J Desse s’interroge également sur l’auteur de ce cliché. Cette question est bien sûr cruciale, car la qualité technique de la photographie — comme celle des deux portraits du groupe de chasseurs d’ailleurs, photographiés dans l’ombre — laisse présumer que le photographe avait une bonne maîtrise de son appareil et des temps de pose. Je ne pense pas qu’il s’agisse d’Alfred Ilg, lequel ne disposera d’un matériel photographique que bien plus tard.
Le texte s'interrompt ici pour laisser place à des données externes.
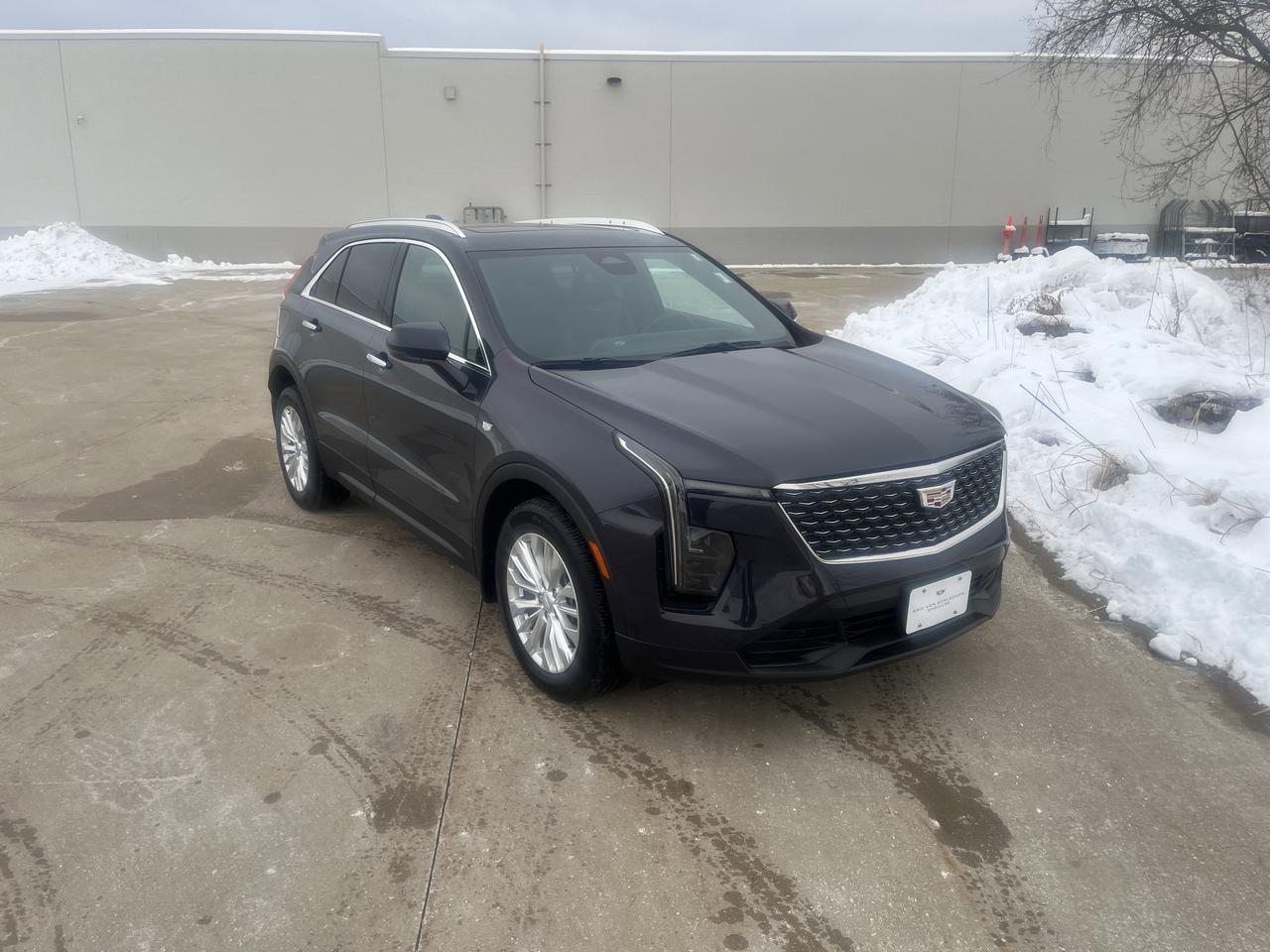 2024 Cadillac XT4 Luxury AWD ColdWxPkg w/Sunroof HtdLthr HtdSteeringWheel HD-RearCamera Saukville WI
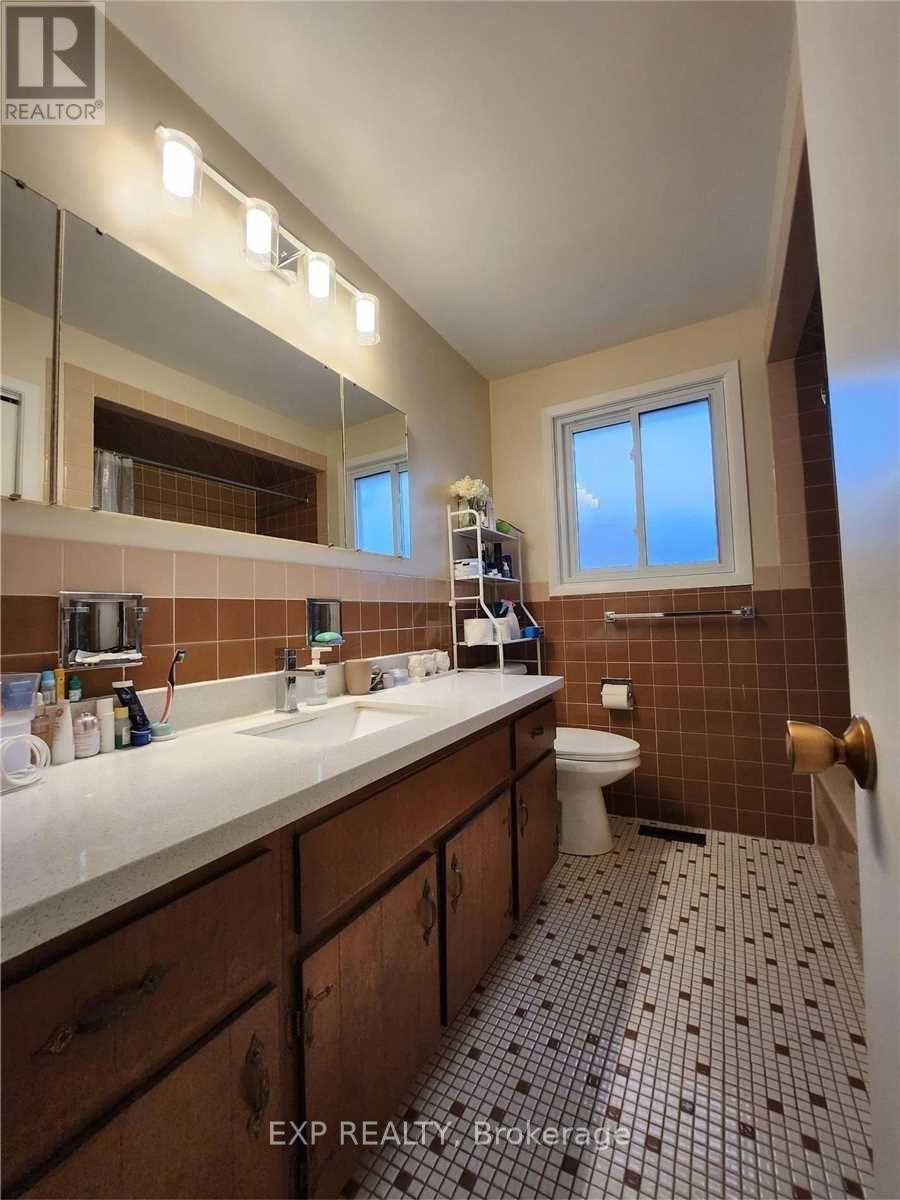 23 Markhaven Road, Markham, Ontario  L3R 1T8 - Photo 4 - N13168220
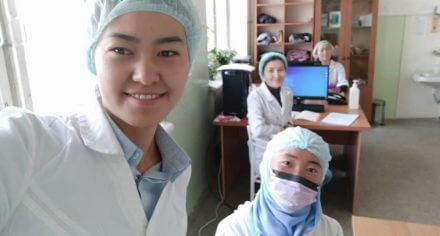 Ординаторы КГМА привлечены к работе горячей линии Минздрава Кыргызстана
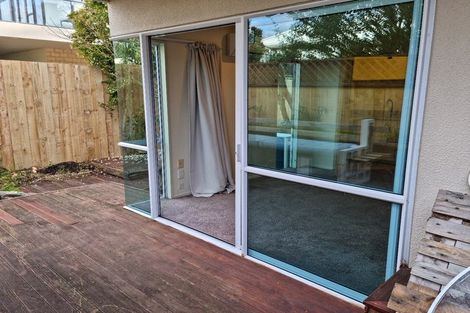 Photo of property in 2/837 Beach Road, Browns Bay, Auckland, 0630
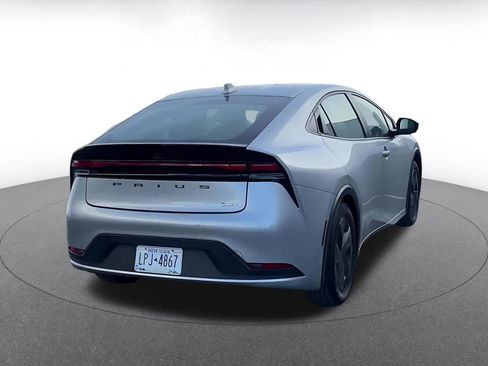 Used 2025 Toyota Prius LE image 14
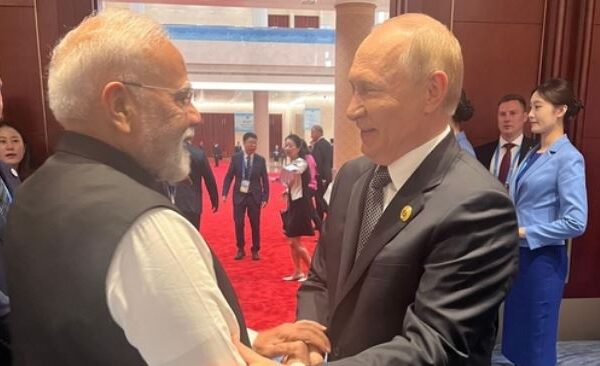 भारत-रूस संबंध पर पीएम मोदी और पुतिन की चीन में बैठक
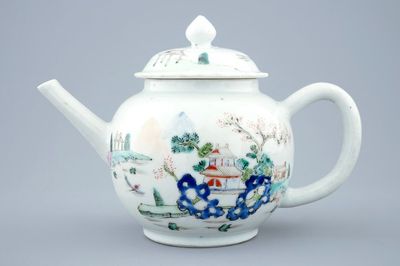 Een Chinese famille rose theepot met deksel met fijn landschapsdecor, Qianlong, 18e eeuw
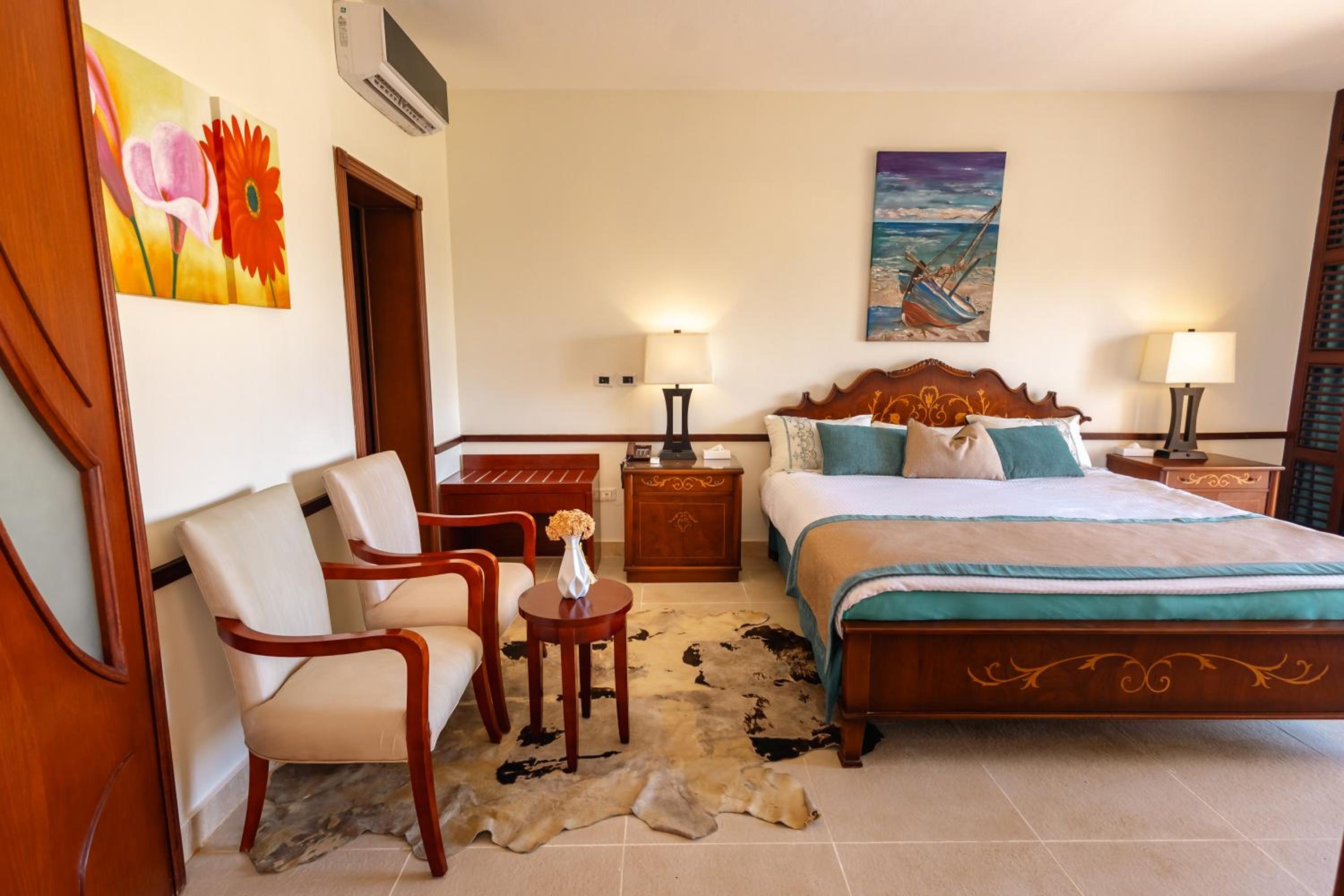 Grand Waha Resort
Outre la nécessité de publier ce correctif, la mise en ligne de ces informations— qui ne manqueront pas d’intéresser les passionnés de ces questions autour de la Corne de l’Afrique au tournant du XXe siècle— servira peut-être, je l’espère, par quelque nouvelle réaction ou contribution d’un lecteur, à faire progresser l’enquête autour de cette passionnante photographie.

Notes

    1. Je remercie cordialement Mme Mareile Flitsch, Directrice du Musée d’ethnographie de l’Université de Zurich, M. Alexis Malefakis, Conservateur du Département Afrique, Mme Salomé Guggenheimer, Responsable des archives photographiques, ainsi que l’ensemble du personnel du musée.
    2. Elisabeth Biasio, Prunk und Pracht am Hofe Menilek, Verl. NZZ, Zürich, 2004, p. 17. 
    3. Francis Anfray, « Autour du vieil Entotto », in : Annales d’Éthiopie. Volume 14, année 1987. pp. 7-12.
    4. Jules Borelli, Éthiopie méridionale : journal de mon voyage aux pays Amhara, Oromo et Sidama, septembre 1885 à novembre 1888.
    5. On trouve sur le site Arthur Rimbaud, le poète un rappel du dossier « Portrait de groupe à l’Hôtel de l’Univers (Aden) »
    6. Le Bâlois feu Jean Voellmy a publié, annoté et préfacé 35 lettres de Rimbaud à Alfred Ilg écrites de 1888 à 1891 (Gallimard, 1965).